As you can imagine there are boats of all shapes, sizes and builds on the River Thames, these are just a few that drew my attention for various reasons...
Three men in a boat!
Tied up to the post, one of them had a fishing rod about 3-feet long and I watched as he caught more fish (albeit small ones) than I’ve ever seen a towpath fisherman catch!
Local Fire & Rescue inflatable off on a training run in the weir stream
… and this one.
It’s huge, it’s beautiful and it goes fast. Far too fast!
We were on moorings in the cutting below Marlow Lock securely tied to mooring rings with springs attached to ensure that we didn’t move to and fro when boats passed us to and from the lock, which was fine most of the time… except for this boat which last Friday came into the cut to the lock so fast that it caused Still Rockin’ to rock alarmingly and bang into the side of the jetty on which we were moored. George was washing the roof and was lucky not to be thrown off and Molly (who is now nearly blind) panicked and ran through the boat and onto the deck without me even seeing her flee past me! I complained to the lock keeper and he reported the incident to the Temple Lock Keeper asking him to have a word with Judith R's skipper as it came through and discovered that an EA enforcement officer was working in the area who would also be informed. Just in case this didn’t happen I also emailed the complaint to the Environment Agency but have so far not received a reply apart from the acknowledgement of the email.

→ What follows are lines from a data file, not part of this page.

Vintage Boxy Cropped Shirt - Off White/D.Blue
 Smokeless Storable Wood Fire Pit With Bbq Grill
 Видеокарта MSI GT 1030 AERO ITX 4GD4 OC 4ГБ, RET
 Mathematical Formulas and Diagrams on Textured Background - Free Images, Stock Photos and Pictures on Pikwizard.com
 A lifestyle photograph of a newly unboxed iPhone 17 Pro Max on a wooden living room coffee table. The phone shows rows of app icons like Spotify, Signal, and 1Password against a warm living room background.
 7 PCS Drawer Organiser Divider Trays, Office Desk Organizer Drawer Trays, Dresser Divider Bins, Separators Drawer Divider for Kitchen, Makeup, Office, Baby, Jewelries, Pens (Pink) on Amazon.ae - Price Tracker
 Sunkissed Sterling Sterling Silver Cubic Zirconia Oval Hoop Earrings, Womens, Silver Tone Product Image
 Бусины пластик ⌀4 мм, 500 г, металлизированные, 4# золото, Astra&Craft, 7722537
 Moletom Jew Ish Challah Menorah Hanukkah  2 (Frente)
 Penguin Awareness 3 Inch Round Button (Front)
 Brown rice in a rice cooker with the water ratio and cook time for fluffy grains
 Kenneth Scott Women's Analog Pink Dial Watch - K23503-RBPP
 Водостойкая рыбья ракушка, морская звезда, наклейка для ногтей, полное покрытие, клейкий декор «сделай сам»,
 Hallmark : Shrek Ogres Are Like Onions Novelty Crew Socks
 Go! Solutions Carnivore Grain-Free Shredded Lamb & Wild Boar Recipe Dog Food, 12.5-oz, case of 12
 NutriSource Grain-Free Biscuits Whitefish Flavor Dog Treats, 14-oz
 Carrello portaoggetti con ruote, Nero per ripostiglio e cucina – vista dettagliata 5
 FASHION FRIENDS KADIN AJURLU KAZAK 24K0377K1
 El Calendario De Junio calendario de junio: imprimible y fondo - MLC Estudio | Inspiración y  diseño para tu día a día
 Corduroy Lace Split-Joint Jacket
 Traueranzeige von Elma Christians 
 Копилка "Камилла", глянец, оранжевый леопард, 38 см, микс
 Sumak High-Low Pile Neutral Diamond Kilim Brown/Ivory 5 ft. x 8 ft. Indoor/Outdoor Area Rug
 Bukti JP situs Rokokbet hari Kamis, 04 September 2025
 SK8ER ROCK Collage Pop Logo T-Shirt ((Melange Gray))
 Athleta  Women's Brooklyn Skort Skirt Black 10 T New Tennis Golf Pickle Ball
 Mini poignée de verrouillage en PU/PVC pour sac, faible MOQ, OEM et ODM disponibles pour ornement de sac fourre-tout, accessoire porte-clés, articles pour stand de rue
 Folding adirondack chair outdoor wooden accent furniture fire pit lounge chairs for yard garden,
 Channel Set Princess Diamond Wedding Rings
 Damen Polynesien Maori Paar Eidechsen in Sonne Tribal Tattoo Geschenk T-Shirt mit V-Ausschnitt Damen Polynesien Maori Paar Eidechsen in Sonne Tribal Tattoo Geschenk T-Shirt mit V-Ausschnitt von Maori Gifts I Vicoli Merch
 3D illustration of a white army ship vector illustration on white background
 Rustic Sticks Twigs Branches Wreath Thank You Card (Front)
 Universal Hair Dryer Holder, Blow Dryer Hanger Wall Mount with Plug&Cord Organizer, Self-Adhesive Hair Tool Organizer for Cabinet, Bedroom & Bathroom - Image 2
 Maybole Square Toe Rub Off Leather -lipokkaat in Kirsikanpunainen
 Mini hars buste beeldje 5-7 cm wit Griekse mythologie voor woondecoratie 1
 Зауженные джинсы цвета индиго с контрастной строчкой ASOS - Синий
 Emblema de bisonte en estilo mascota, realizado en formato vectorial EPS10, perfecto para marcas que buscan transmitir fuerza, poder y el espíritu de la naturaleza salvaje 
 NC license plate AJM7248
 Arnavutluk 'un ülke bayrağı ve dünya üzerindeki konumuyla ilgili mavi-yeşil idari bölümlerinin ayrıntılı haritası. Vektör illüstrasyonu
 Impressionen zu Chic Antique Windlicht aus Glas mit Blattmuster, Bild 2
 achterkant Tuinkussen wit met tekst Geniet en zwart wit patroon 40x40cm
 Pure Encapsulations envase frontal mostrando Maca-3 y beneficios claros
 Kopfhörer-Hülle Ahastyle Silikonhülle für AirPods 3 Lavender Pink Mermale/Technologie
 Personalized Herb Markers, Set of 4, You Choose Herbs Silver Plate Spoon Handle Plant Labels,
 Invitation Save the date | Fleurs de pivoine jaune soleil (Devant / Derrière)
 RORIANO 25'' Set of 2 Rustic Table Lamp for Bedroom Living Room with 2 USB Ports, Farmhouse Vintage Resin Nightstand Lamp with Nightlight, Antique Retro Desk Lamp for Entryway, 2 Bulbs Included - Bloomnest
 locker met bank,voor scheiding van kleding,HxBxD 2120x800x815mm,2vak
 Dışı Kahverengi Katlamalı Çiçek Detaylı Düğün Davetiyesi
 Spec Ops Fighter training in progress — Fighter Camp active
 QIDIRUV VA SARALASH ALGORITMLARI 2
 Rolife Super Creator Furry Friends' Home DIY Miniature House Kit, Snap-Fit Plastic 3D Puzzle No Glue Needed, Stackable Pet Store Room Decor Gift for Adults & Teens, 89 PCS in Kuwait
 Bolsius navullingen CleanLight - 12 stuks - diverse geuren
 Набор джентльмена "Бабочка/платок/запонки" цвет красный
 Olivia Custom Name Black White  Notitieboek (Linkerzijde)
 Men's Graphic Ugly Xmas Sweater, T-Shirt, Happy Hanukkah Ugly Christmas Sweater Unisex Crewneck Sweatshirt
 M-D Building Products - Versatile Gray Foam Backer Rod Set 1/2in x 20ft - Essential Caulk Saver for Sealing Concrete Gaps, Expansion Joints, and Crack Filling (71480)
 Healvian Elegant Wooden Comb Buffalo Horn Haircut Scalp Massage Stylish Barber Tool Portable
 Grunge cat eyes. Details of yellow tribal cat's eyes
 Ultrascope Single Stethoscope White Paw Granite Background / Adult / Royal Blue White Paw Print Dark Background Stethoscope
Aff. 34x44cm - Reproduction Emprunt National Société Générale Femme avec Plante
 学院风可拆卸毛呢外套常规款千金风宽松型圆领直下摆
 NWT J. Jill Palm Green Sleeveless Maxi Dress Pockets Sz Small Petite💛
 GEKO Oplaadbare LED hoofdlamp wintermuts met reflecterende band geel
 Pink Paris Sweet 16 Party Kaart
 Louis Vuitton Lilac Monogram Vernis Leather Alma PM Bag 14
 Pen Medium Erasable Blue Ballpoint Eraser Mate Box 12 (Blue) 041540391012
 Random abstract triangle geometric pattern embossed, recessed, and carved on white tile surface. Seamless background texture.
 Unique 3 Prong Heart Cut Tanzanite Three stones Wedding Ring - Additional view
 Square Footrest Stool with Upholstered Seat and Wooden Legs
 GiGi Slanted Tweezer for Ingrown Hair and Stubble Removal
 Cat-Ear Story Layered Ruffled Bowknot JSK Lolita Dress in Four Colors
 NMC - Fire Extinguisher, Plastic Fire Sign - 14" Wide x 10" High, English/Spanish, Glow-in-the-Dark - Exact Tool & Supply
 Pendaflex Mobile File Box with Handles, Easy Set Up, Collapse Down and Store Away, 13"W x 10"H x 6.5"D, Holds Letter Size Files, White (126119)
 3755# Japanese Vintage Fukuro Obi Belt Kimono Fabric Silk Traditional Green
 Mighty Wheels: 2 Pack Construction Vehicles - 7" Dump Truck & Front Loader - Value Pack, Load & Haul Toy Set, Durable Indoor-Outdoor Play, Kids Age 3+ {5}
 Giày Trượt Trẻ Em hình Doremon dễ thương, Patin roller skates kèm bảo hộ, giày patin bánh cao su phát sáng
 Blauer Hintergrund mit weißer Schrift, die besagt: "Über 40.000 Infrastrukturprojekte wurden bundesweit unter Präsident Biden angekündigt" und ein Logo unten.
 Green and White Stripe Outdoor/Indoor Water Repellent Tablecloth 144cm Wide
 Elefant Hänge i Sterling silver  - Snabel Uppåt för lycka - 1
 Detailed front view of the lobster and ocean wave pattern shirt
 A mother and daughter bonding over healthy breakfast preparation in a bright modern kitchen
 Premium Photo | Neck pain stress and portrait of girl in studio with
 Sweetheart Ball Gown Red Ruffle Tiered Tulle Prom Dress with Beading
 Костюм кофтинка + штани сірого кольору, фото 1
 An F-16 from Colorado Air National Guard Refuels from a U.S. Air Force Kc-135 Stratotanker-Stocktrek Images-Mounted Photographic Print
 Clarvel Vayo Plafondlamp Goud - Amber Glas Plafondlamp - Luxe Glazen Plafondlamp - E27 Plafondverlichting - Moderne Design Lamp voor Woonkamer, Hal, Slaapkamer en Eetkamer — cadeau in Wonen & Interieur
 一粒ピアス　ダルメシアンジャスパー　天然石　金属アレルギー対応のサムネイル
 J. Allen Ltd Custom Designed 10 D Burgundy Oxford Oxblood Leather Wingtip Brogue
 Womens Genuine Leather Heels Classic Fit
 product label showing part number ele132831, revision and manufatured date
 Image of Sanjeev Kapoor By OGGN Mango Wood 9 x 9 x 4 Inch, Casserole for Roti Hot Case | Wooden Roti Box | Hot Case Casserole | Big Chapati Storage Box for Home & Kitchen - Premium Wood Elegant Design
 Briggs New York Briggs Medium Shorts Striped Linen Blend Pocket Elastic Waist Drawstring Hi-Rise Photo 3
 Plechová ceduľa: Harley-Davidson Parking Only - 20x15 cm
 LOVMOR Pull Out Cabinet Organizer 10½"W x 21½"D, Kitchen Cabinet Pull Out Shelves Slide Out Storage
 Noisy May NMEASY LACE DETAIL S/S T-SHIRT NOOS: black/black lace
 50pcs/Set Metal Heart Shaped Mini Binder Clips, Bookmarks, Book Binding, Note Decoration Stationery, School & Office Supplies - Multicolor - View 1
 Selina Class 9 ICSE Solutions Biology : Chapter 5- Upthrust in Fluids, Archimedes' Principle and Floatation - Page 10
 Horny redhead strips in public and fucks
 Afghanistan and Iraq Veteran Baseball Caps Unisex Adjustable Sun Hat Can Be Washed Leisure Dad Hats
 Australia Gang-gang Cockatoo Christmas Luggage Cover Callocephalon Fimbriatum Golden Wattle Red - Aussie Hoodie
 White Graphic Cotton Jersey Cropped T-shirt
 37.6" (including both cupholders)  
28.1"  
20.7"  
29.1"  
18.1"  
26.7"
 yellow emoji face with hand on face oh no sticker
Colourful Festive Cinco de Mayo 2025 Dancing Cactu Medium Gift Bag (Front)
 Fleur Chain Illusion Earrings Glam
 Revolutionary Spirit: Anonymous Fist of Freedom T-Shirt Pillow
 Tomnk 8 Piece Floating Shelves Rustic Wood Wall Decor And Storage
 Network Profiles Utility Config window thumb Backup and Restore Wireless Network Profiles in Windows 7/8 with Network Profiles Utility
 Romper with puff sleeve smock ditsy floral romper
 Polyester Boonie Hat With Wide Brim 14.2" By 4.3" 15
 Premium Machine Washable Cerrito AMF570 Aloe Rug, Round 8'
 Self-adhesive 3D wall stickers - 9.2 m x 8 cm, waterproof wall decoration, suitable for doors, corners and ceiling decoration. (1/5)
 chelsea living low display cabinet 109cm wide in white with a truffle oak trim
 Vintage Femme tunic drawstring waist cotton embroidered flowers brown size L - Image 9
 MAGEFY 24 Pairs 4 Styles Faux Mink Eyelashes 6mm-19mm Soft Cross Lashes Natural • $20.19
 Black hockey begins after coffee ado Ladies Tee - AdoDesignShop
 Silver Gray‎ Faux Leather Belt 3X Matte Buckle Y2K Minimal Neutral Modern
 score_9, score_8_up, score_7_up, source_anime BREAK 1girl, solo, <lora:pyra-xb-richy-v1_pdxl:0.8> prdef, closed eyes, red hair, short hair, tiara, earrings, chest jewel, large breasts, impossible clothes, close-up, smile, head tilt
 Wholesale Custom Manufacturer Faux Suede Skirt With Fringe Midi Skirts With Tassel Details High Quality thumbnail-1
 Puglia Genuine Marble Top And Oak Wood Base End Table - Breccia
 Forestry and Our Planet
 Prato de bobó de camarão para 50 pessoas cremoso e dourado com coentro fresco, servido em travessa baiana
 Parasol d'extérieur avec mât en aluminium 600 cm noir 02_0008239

Judith R is a very interesting vessel, built as a luxury commuter yacht in 1935 on Lake Michigan about 100 miles north of Chicago for the President of Paramount Pictures Barney Balaban. She is named after is daughter Judith Rose Balaban who still lives in Hollywood and was Matron of Honour to Grace Kelly at her wedding with Prince Rainier in Monaco. There is lots of very interesting information on the internet for Barney Balaban and motor yacht Judith R including a case study of the boat’s owners, history and restoration at Wootten’s boatyard which can be seen from the downstream lock landing at Hurley.